- add configurable logging support syslog/stdout
- add support for adding tuners dynamically via shared object
- add support for adding BPF programs via skeleton
- add support for specifying tunables associated with tuner
- bpftune systemd service specification
- add support for legacy tuner fallback; if the system does not support BPF features required, fall back to legacy version of tuner if available.
- switch off tuners on per-ns basis; we should not switch off global tuners if someone fiddles with a tunable in a network namespace; make sure we have per-namespace disable for tuners. This assumes any customizations for namespace config of tunables on container bringup will stop us auto-tuning; this may need to be revisited in the future.
- configurable learning rate: learning can be specified to bpftune
via the "-r" parameter; this ranges from 0-4. The learning
rate values relate to when changes are made; i.e. within a
specific % of a limit, we increase the limit by the same %; so
- learning rate 0: within 1% of a limit, increase it by 1%
- learning rate 1: within 3% of a limit, increase it by 3%
- learning rate 2: withing 6% of a limit, increase it by 6%
- learning rate 3: within 12% of a limit, increase it by 12%
- learning rate 4: within 25% of a limit, increase it by 25% There is an inherent tradeoff in learning rate selection; a higher rate will make larger changes less frequently, while a lower rate will make smaller changes more frequently, but only if limits are closely approached.

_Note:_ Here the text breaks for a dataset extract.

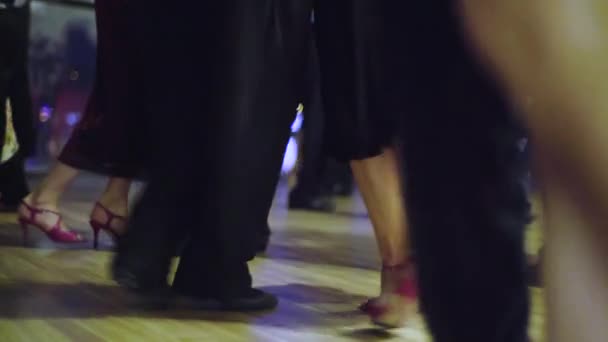 Bailarines de tango pies mientras bailan de cerca — Vídeo de stock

- we notice new tuners appearing/disappearing from /usr/lib64/bpftune via inotify. We watch the above directory for tuner addition or removal to allow packages to separately deliver their own tuners.
- make (lib)bpftune assume capabilities as needed; this reduces the threat surface of a service that requires CAP_SYS_ADMIN.
- We deliver a bpftune-devel package to support separate tuner development.
- And also show a sample standalone tuner in sample_tuner/ ; it demonstrates how to build a tuner .so and install it in /usr/local/lib64/bpftune; it is monitored for tuner appearance and disappearance also.
- add support for dynamically disabling relevant tuner if tunables change via sysctl tuner (tested)
- tuner watches for neigh table adds, and increases table size if we approach full such that we do not drop neighbour information. Done on a per-table basis via netlink to target changes to tables which need it (tested)
- tuner monitors min RTT, max delivery rate on a per-host basis in order to identify which congestion control algorithm approaches the ideal rate where it fills the pipe but does not under- or over-estimate congestion. Reinforcement learning is used to select actions that minimize cost (which is defined as divergence from optimal min RTT/max delivery rate).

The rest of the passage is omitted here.